A reader passed on a link to a Michael Skube Op-Ed piece in Sunday's Los Angeles Times. Skube is a Pulitzer Prize winning journalist and educator. In his Sunday essay, Skube argued that the blogosphere is far too filled with noise - the rants of cranks with too much time on their hands - and lacks the objectivity that professional journalism provides.
Skube quoted the late historian Christopher Lasch in support of his argument:
"What democracy requires," Lasch wrote in "The Lost Art of Argument," "is vigorous public debate, not information. Of course, it needs information too, but the kind of information it needs can only be generated by debate. We do not know what we need until we ask the right questions, and we can identify the right questions only by subjecting our own ideas about the world to the test of public controversy."There was something appealing about this argument -- one that no blogger would reject -- when Lasch advanced it almost two decades ago.
But now we have the opportunity to witness it in practice, thanks to the blogosphere, and the results are less than satisfying. One gets the uneasy sense that the blogosphere is a potpourri of opinion and little more. The opinions are occasionally informed, often tiresomely cranky and never in doubt. Skepticism, restraint, a willingness to suspect judgment and to put oneself in the background -- these would not seem to be a blogger's trademarks.
Truth be told, the Insider has been guilty of some of those very same negative characteristics at times. We also agree with Lasch's sentiment that skepticism is a worthy trait and that it's not information we're lacking so much as a context into which to place that information and understand it.
We also agree that bloggers, including the Insider are not the same as professional journalists, who still fill an important function. Nor do we see ourselves necessarily in competition with journalists so much as filling an informational niche unmet by newspapers, magazines, and broadcast and Internet news.
As we've noted in past posts, on the local level, news and context are often lacking. The corporatization of the news business has left entire communities bereft of local papers.
Town newspapers like the Claremont Courier have become rarer, even though indications are that family-owned local papers may be better suited to surviving the current business environment precisely because they provide very specific news to a specific audience.
And because a paper like the Courier is family-owned, it doesn't have to answer to Wall Street's shareholder expectations the way a large corporation like the Tribune Co. does. As a result, family-owned papers can operate on lower margins that a paper like the LA Times.
In any event, we really don't see blogs as belong to the same philosophical category as journalism. We recognize we exist simply to provide an outlet for opinions about the local scene that we think have been ignored for a good 20 years or so. Ironically, we think we provide some of the skepticism about the Claremont scene that Skube believes is needed in the blogosphere.

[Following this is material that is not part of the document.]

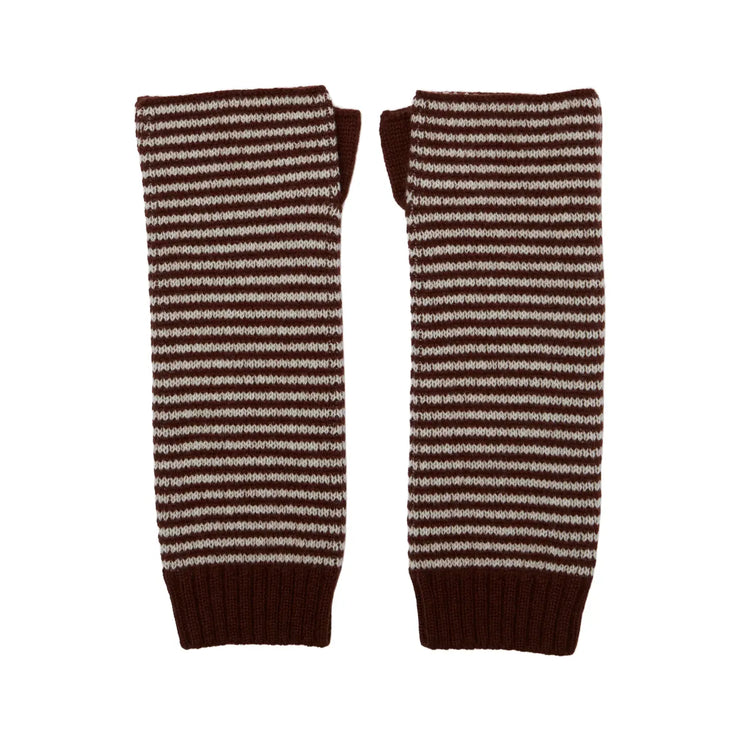 Fine Stripe Cashmere Wrist Warmers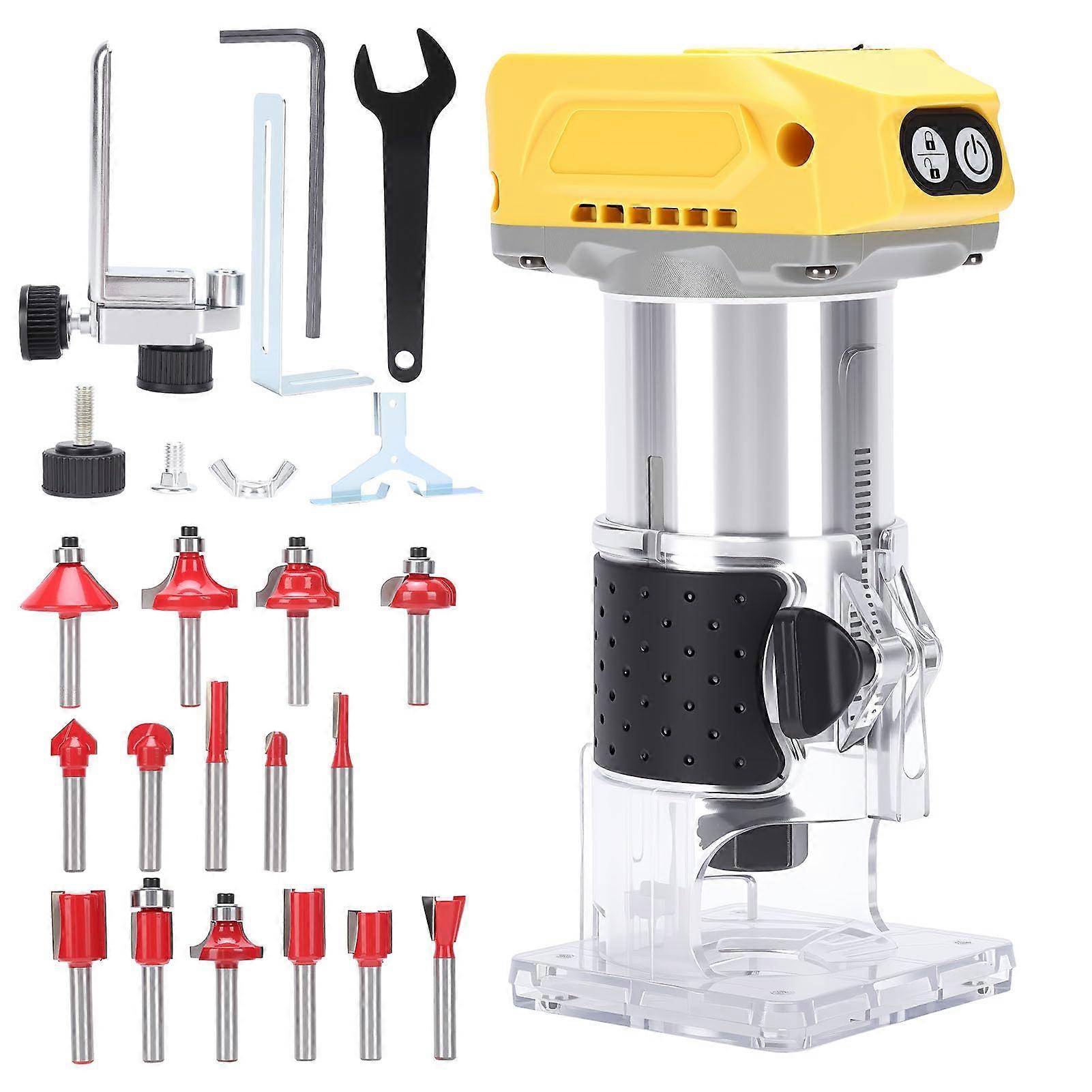 Cordless Router Compatible with Dewalt 20V Battery, 5Speed Brushless Woodworking Tool with Bit Kit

Too often in our recent history, Claremont, particularly its city government and the Claremont 400, have been allowed to simply dictate the news through press releases that went unexamined, and we aim to shine a light into those dark areas. We believe there's been too little of the sort of local public debate that Lasch referred to, and too much of a willingness to accept the conventional wisdom.
Claremont's strength is in being possessed of a community that's more involved as a whole than a lot of others in the area, and that community's opinion is far more diverse than the Claremont 400 has traditionally acknowledged. The 400 speak of "consensus" in the academic sense, implying agreement reached after vigorous argument and debate. But they are really talking about their desire to force their one point of view on this community, to suppress diverse thinking.
When people like former Mayors Diann Ring, Judy Wright or former commissioner Helaine Goldwater haunt city hall and manipulate policy behind the scenes, they truly believe they represent an institutional memory and see themselves as providing continuity in decision-making. What they don't see is how they also end up keeping new ideas from receiving a fair hearing and how they stifle innovative-thinking.
When they talk of "diversity" they are usually speaking of ethnic and cultural diversity, but not ideological diversity. They want a community that looks different but thinks exactly alike. We, however, think that ideological diversity remains our greatest virtue, and we aim to provide an outlet for that on local issues, from affordable housing to fiscal policy, from open space to local services. And we'll gladly stop posting tomorrow if the Claremont 400 ceases its political gamesmanship and steps aside to allow others to have a fair and equal say in city governance.
Absent that, we say, until tomorrow, dear readers.